Syed Salahuddin, chief of Hizbul Mujahideen, an alliance of nearly a dozen groups fighting Indian occupation in occupied Kashmir on Monday accused the South Asia summit of ignoring the people of Kashmir.
"The South Asian Association of Regional Co-operation (Saarc) ... is overlooking the historical facts and ground realities," said Syed Salahuddin.
The seven-nation Saarc summit has fuelled hopes for peace between nuclear rivals India and Pakistan.
Their leaders, President Pervez Musharraf and Indian Prime Minister Atal Behari Vajpayee, held talks on Monday for the first time since coming to the brink of a third war over occupied Kashmir in 2002.
In the lead-up to the meeting, Musharraf took the dramatic step of offering to drop Islamabad's decades-old demand for a referendum in Kashmir.

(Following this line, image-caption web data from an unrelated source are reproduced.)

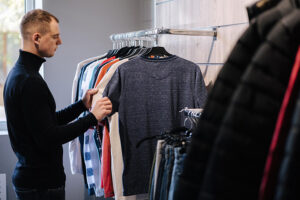 10 ایده خلاقانه برای فروش لباس و درآمد 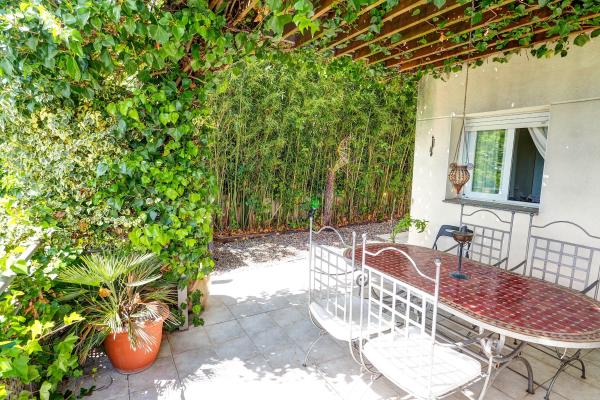 #894 - The Magic Green | Holiday Rentals | Dora Rentals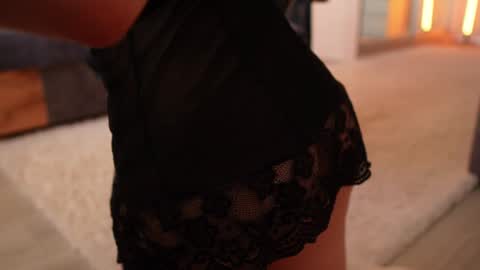 meza sofia online show from September 2025 12:32:02 AM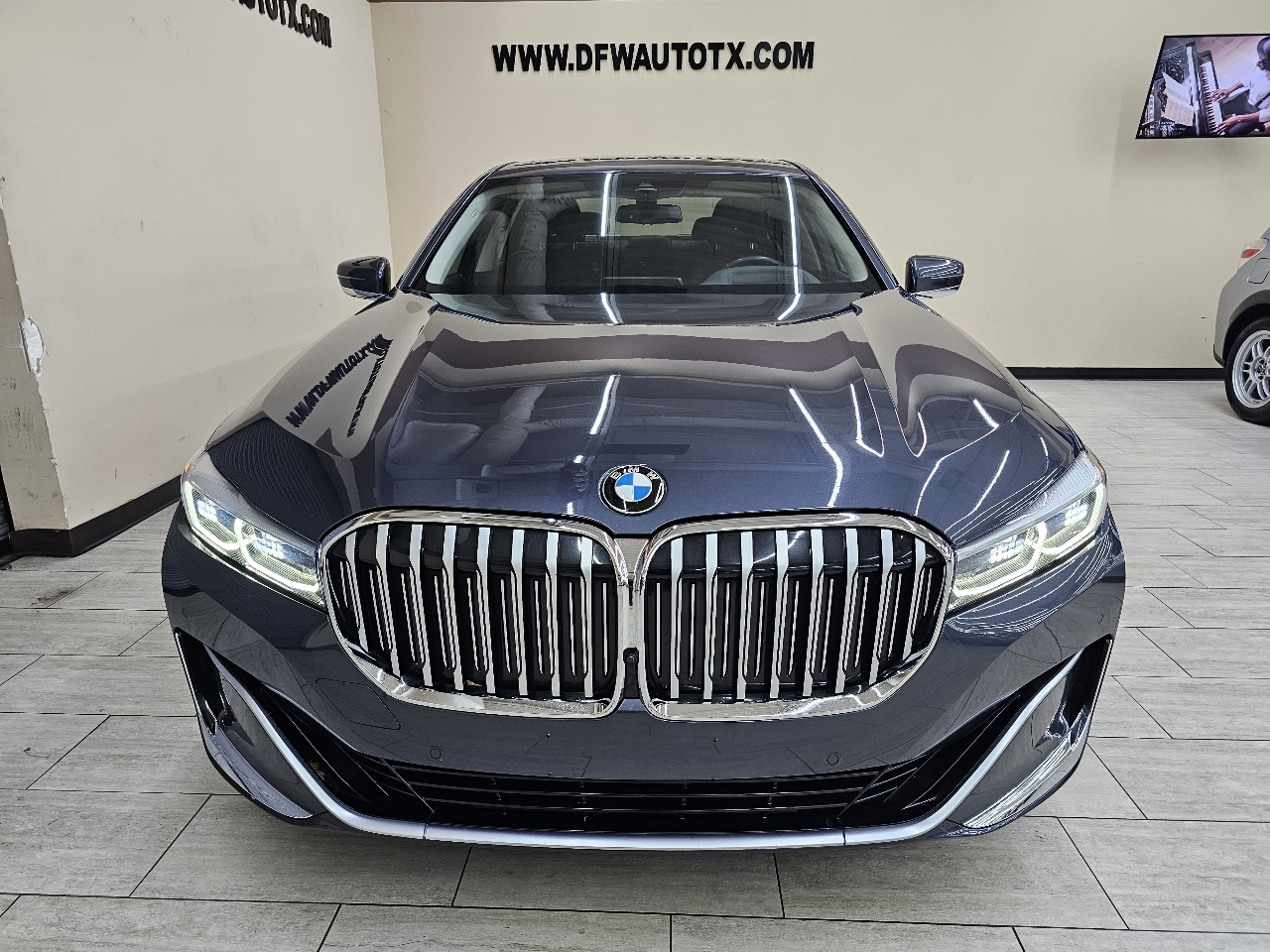 BMW 7-Series 740i 2020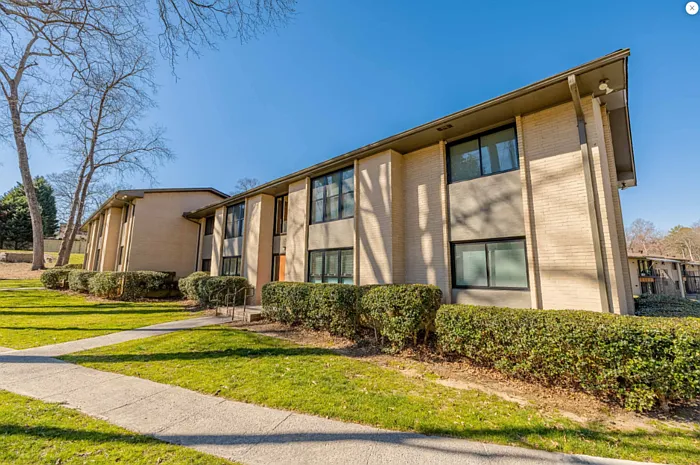 1 bed, 1.5 bath, 700 sqft, $1,200 — Photo 1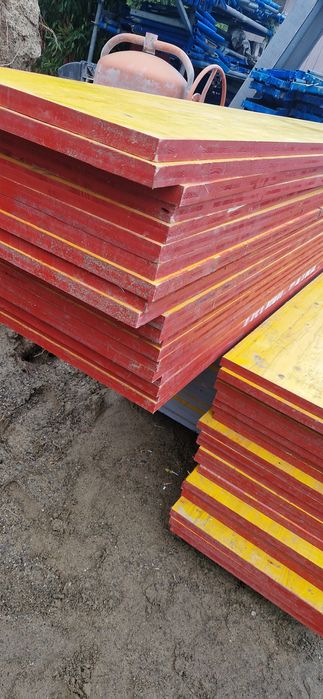 Inchiriez panouri doka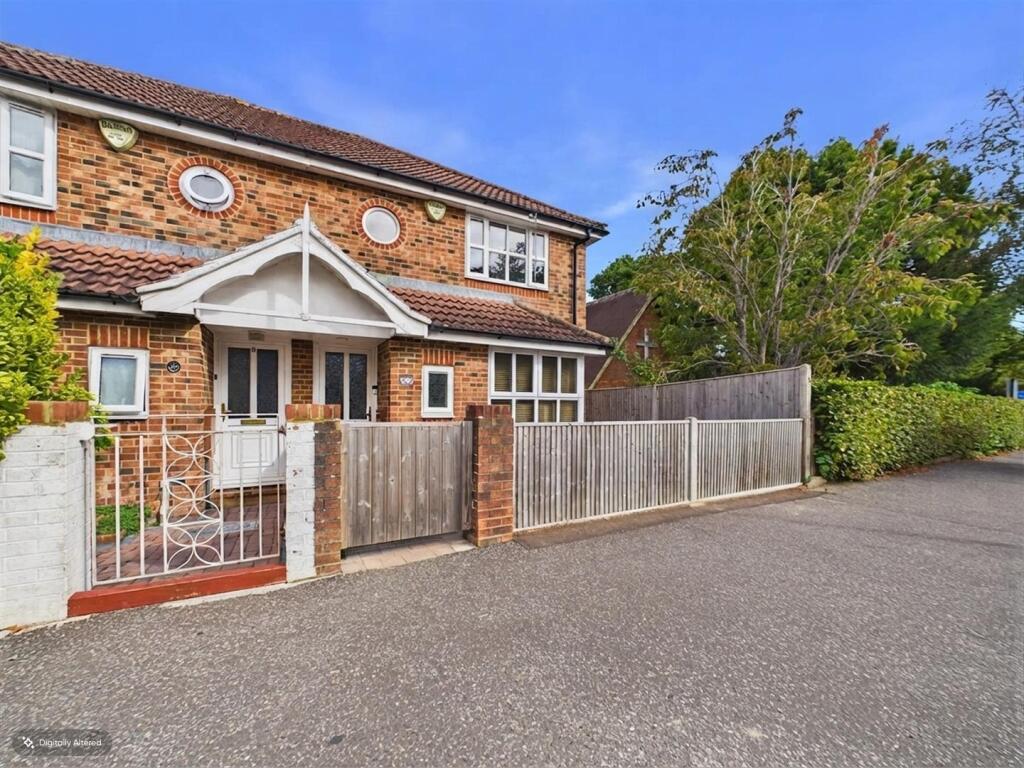 3 bed Detached for rent in Crawley. From Taylor Robinson - Crawley 3 bed Detached for rent in Crawley. From Taylor Robinson - Crawley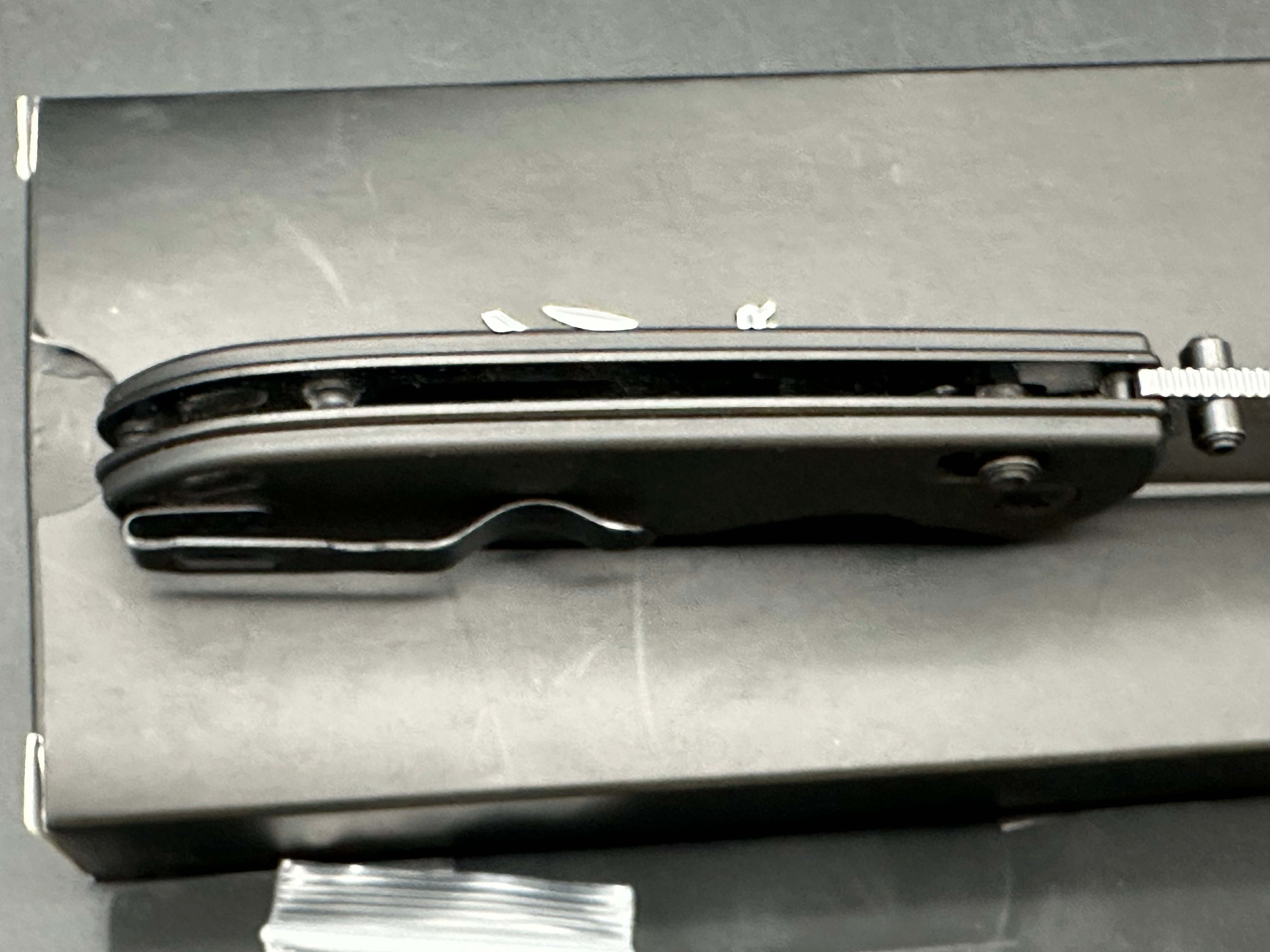 Kizer Azo Drop Bear Clutch Lock Knife Gunmetal Aluminum (3.15" Satin)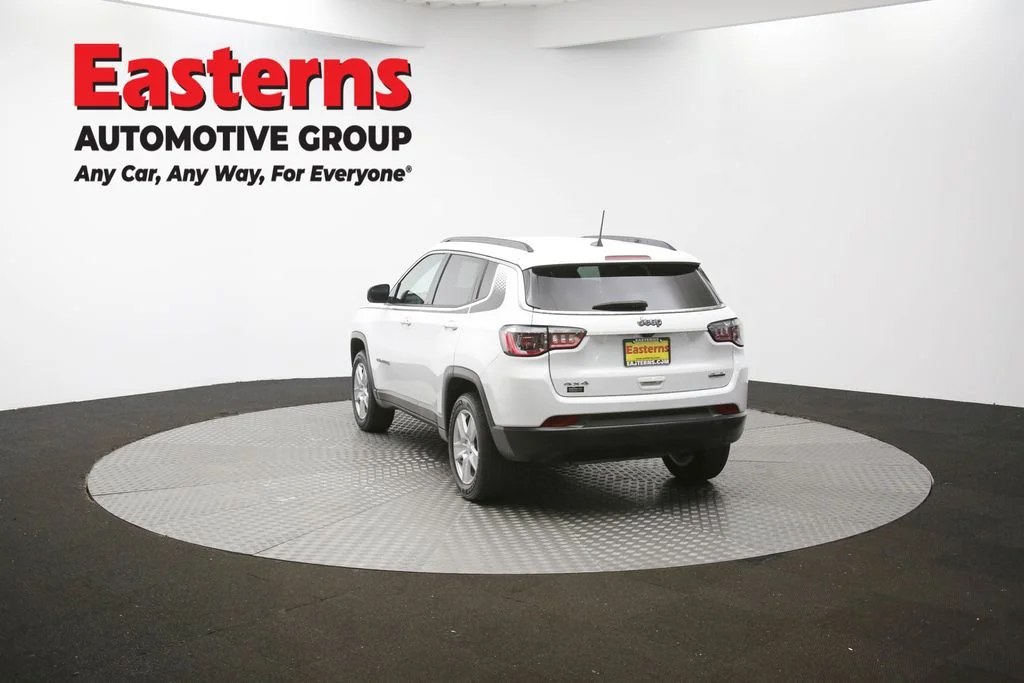 Used 2022 White Jeep Latitude image 63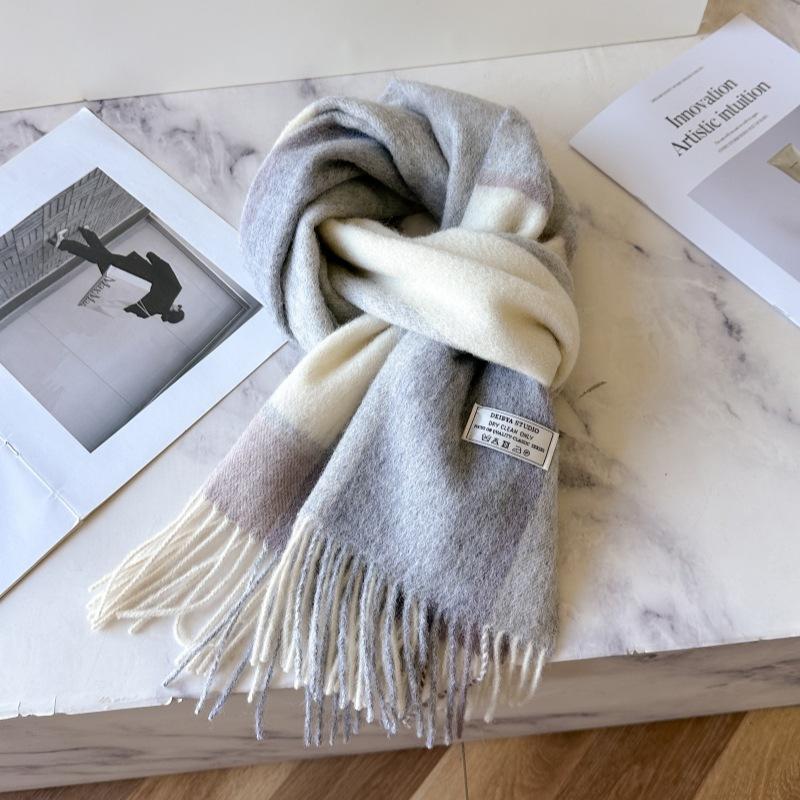 100% Sheep's Wool Scarf, Classic British Style, New Winter Arrival for Men & Women, Warm Neck Warmer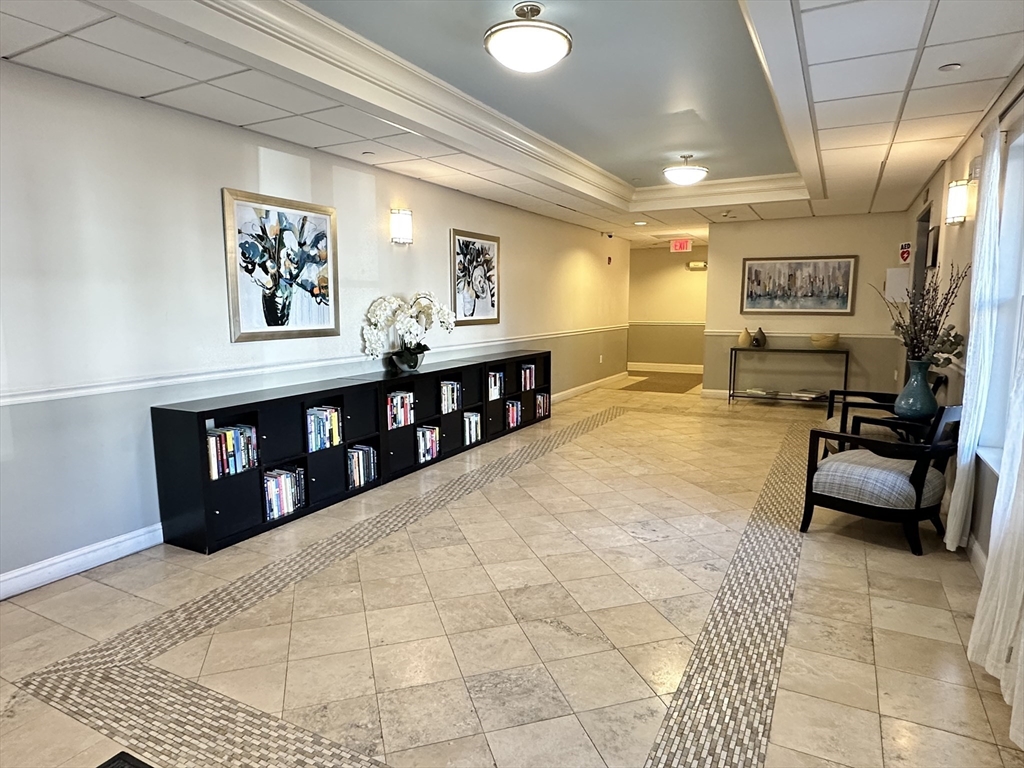 629 Hammond Street, Unit E205 Brookline, MA 02467 - Photo 8 of 17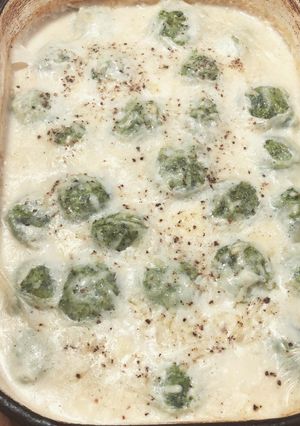 Una foto de Malfatis de acelga y ricota con salsa blanca gratinada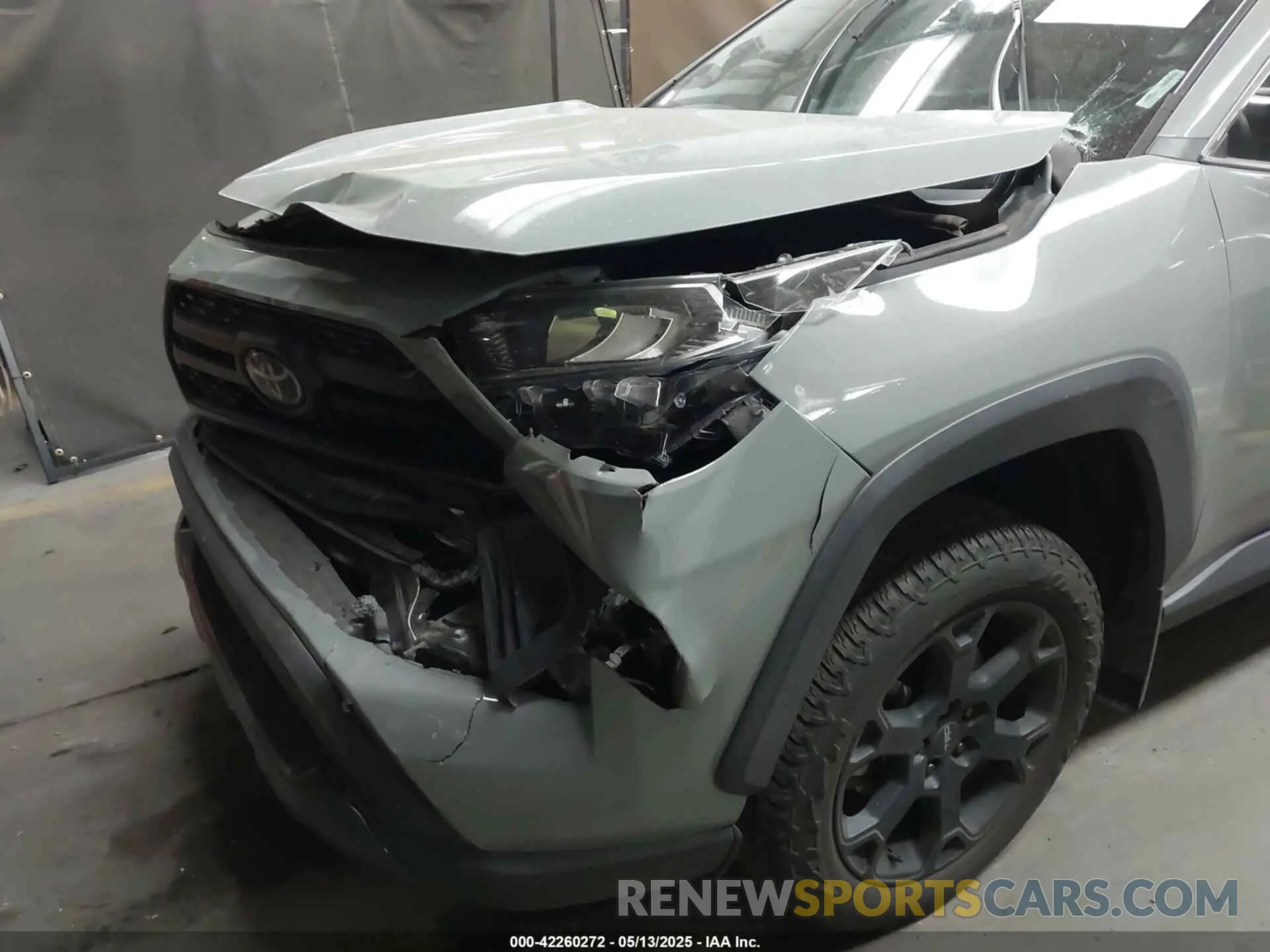 6 Photograph of a damaged car 2T3S1RFV3MW182985 TOYOTA RAV4 2021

But resolving Kashmir's sovereignty in accordance with the wishes of the Kashmiris was the only path to peace, the Hizb chief said.
"Ironically those delivering the sermons of peace are not respecting the wishes of the Kashmiris. Instead they are using every tactic to suppress the will of the Kashmiris," he said.
Salahuddin lambasted Saarc officials for failing to differentiate between freedom struggles and terrorism in an updated counter-terrorism agreement, which is to be signed by the seven heads of state and government.